[RAW DATA]

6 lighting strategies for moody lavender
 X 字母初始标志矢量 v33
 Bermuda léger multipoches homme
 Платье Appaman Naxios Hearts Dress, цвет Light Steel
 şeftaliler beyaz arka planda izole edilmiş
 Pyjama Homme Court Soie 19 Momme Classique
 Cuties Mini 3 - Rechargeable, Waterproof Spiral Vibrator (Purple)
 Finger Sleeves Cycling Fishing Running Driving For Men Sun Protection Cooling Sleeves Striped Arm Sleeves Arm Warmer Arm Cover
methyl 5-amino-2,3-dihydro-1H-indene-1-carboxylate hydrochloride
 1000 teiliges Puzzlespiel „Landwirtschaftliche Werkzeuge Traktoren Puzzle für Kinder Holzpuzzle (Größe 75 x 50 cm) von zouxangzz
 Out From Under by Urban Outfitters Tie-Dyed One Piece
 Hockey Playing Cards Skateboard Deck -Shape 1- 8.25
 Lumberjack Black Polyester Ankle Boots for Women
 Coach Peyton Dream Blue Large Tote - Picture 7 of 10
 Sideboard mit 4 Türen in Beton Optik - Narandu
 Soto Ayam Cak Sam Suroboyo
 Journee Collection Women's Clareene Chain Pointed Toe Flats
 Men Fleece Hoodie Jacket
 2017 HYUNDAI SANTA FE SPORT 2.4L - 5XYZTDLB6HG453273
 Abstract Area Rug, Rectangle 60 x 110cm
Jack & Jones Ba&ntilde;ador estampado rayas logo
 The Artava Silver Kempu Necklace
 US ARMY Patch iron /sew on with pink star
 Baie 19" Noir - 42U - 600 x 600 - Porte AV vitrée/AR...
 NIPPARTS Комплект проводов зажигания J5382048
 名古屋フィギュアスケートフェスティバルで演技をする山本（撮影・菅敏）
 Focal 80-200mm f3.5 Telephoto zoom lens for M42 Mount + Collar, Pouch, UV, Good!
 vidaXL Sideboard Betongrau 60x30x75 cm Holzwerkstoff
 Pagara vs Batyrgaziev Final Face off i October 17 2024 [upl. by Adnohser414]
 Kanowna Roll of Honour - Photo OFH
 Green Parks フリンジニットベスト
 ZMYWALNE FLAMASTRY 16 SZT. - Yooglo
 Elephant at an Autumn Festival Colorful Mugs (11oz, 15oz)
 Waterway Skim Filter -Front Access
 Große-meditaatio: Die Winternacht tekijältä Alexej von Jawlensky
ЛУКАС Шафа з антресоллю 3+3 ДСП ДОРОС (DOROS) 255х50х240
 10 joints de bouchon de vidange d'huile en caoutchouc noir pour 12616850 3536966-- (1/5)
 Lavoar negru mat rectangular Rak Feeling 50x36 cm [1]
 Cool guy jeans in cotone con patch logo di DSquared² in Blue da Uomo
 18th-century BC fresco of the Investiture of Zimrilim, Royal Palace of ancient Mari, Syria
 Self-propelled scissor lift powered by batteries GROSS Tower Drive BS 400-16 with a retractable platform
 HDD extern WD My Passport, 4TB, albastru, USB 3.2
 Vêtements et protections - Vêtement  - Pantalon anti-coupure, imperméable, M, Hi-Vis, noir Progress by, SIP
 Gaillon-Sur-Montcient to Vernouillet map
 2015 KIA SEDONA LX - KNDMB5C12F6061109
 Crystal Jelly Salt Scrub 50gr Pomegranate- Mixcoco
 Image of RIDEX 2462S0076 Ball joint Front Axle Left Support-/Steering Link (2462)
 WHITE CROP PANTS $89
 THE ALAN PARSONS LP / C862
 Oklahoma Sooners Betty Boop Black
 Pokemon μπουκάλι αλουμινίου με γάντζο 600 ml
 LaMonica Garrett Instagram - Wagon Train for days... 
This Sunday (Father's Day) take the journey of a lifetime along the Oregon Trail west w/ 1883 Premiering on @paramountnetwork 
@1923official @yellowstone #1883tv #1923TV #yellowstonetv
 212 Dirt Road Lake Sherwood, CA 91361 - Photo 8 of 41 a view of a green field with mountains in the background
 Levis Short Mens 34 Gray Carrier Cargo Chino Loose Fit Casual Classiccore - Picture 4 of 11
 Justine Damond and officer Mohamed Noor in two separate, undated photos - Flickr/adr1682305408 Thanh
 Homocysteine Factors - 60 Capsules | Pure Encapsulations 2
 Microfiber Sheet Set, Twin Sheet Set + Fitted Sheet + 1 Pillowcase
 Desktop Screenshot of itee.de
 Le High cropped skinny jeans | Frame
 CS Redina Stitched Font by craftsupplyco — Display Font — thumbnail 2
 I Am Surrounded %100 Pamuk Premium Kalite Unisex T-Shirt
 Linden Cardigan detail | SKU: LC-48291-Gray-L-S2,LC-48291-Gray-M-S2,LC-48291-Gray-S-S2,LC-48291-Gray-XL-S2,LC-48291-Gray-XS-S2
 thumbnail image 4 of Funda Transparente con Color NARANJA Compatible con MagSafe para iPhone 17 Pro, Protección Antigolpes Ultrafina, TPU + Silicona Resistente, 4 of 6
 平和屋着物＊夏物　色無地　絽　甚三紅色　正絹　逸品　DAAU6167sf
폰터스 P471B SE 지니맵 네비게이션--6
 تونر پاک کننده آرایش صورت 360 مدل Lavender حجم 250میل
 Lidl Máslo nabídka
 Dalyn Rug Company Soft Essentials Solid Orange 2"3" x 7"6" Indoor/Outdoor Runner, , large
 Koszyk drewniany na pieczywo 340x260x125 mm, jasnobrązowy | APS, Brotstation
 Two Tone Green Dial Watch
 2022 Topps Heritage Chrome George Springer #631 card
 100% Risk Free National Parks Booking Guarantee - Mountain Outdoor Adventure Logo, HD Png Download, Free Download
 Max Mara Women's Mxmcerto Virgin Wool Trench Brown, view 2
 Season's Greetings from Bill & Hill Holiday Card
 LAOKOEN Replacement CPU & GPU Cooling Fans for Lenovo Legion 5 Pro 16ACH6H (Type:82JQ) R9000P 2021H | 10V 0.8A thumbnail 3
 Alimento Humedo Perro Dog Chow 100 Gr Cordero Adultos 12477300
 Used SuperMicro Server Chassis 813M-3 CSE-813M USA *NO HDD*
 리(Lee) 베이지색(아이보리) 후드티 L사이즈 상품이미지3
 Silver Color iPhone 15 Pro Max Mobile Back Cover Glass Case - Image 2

[/RAW DATA]

# [TASK DESCRIPTION]
All lines in the records above with "Gray" need to be found and copied.

# [YOUR RESPONSE]
 Levis Short Mens 34 Gray Carrier Cargo Chino Loose Fit Casual Classiccore - Picture 4 of 11
 Linden Cardigan detail | SKU: LC-48291-Gray-L-S2,LC-48291-Gray-M-S2,LC-48291-Gray-S-S2,LC-48291-Gray-XL-S2,LC-48291-Gray-XS-S2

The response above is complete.